Cloudera CDH

CDH includes Spark and Impala.

DSS supports CDH 5.9 to 5.15

Security

  • Connecting to secure clusters is fully supported
  • Multi-user security is supported with Sentry

DSS regular security and Sentry

When using DSS in regular security mode to connect to a Sentry-secured cluster, you need to make some configuration adjustments. See DSS and Hive for more information

Scala notebook

CDH’s packaging of Spark 1.6 replaces some of the libraries normally used by Spark by older versions. This makes the Spark version bundled with CDH incompatible with the Spark-Scala notebook of DSS.

The only way to have Spark-scala notebooks working on Spark 1.6 on CDH is to perform a standalone Spark installation. Note that you’ll need to add some configuration keys to your standalone Spark to make it work with YARN.

S3 datasets and Spark 2

The CDH version of Spark 2 repackages some libraries, causing some incompatibilities with DSS S3 code.

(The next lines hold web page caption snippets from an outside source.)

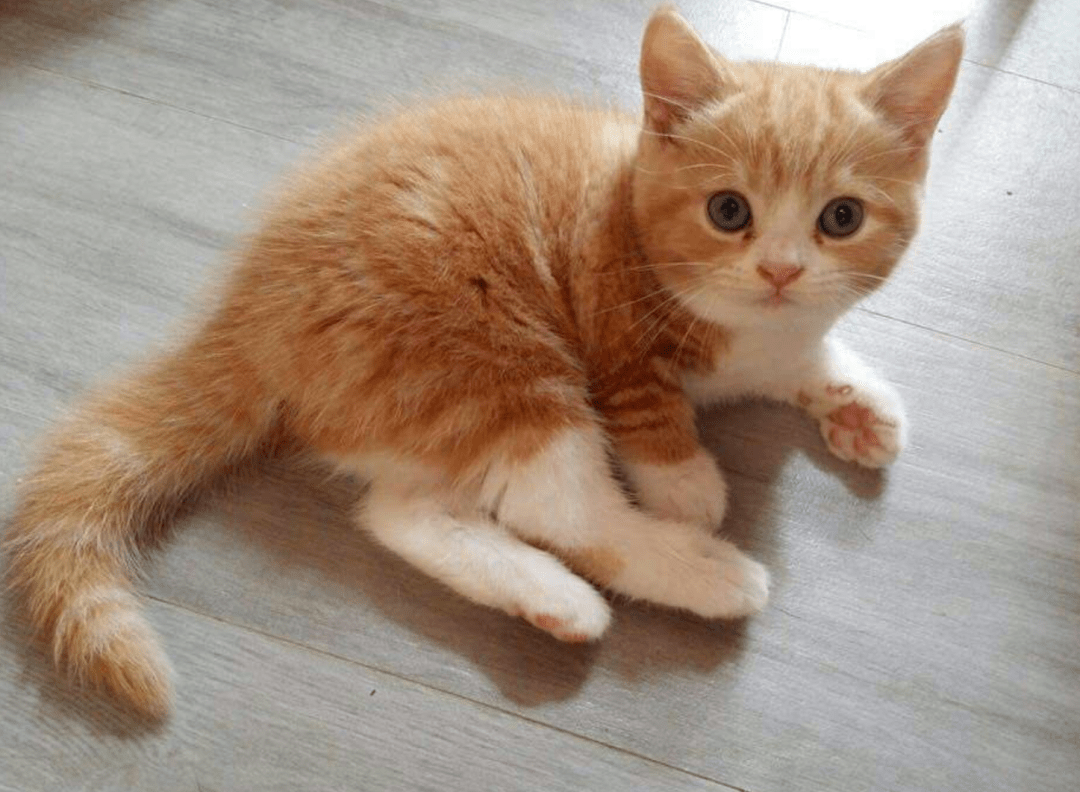 小橘猫的整体颜值超高,虽然"猫大十八变",但主人觉得小橘猫长大后一定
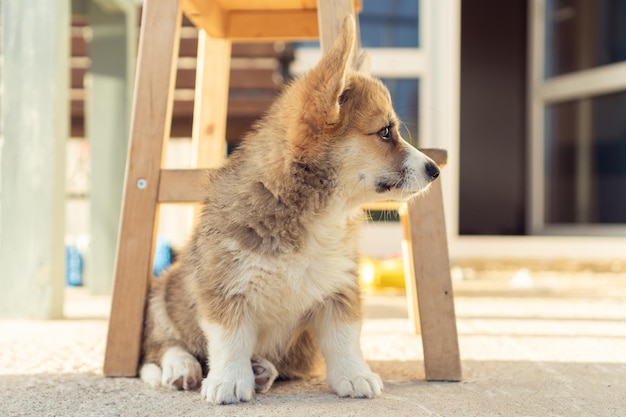 Side view of fluffy welsh pembroke corgi puppy sitting on concrete floor under wooden stairs near house looking aside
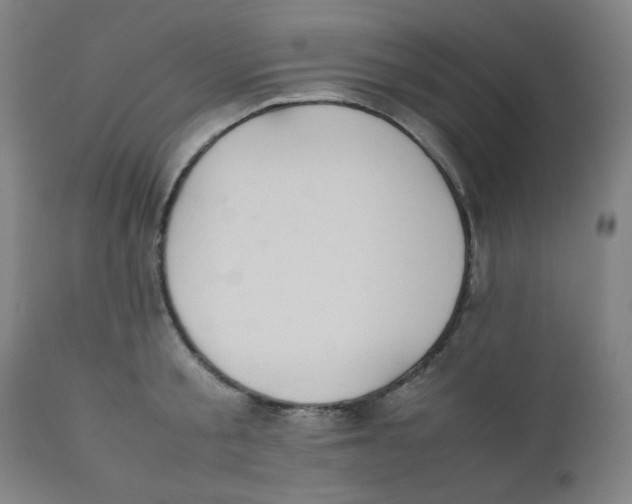 X0000111880805200908201256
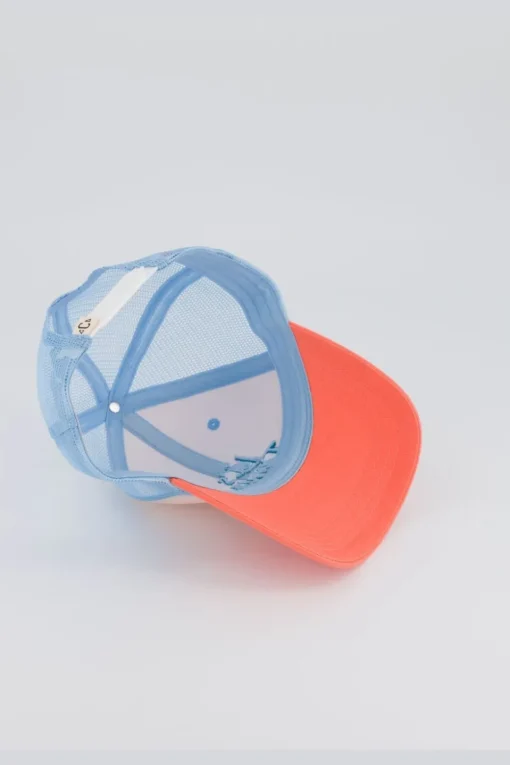 Chamaye Pet Cas-Trucker-Dance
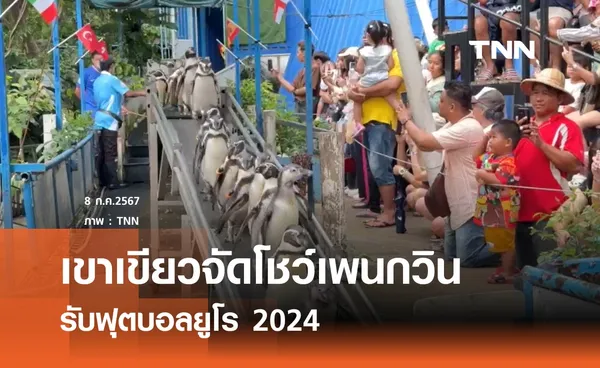 เขาเขียวจัดโชว์เพนกวิน รับฟุตบอลยูโร 2024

Trying to access S3 datasets with CDH Spark 2 will raise errors like `AmazonS3Exception: AWS authentication requires a valid Date or x-amz-date header`

To work around, you need to add a configuration key to your Spark configurations:

  • Key: `spark.driver.extraClassPath`
  • Value: `INSTALL_DIR/lib/ivy/common-run/joda-time-2.9.2.jar` (replace INSTALL_DIR by the full path to your DSS installation directory)

Impala

On cdh 5.15, if kerberos is enabled the following error can appear `Server impala/X.X.X.X@KERBEROS_DOMAIN not found in Kerberos database` where X.X.X.X is an ip adress. This is an known impala bug (https://issues.apache.org/jira/browse/IMPALA-7298). To work around it you need to have `rdns=true` in your kerberos configuration as documented in the above link.